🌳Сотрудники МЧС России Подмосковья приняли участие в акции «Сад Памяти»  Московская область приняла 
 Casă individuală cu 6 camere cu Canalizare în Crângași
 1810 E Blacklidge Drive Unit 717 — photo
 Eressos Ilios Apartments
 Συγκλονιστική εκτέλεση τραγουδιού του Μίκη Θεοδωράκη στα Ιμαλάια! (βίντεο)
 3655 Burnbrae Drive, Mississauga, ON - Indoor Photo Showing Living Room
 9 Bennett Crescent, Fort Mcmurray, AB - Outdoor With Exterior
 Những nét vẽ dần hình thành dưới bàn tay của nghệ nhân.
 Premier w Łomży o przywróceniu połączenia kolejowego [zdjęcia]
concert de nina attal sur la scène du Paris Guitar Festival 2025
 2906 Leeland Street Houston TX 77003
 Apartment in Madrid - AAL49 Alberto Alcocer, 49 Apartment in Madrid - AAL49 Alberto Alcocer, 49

### TASK OBJECTIVE
Copy out the records above exactly and completely.

### OUTPUT FOR THIS EXERCISE
🌳Сотрудники МЧС России Подмосковья приняли участие в акции «Сад Памяти»  Московская область приняла 
 Casă individuală cu 6 camere cu Canalizare în Crângași
 1810 E Blacklidge Drive Unit 717 — photo
 Eressos Ilios Apartments
 Συγκλονιστική εκτέλεση τραγουδιού του Μίκη Θεοδωράκη στα Ιμαλάια! (βίντεο)
 3655 Burnbrae Drive, Mississauga, ON - Indoor Photo Showing Living Room
 9 Bennett Crescent, Fort Mcmurray, AB - Outdoor With Exterior
 Những nét vẽ dần hình thành dưới bàn tay của nghệ nhân.
 Premier w Łomży o przywróceniu połączenia kolejowego [zdjęcia]
concert de nina attal sur la scène du Paris Guitar Festival 2025
 2906 Leeland Street Houston TX 77003
 Apartment in Madrid - AAL49 Alberto Alcocer, 49 Apartment in Madrid - AAL49 Alberto Alcocer, 49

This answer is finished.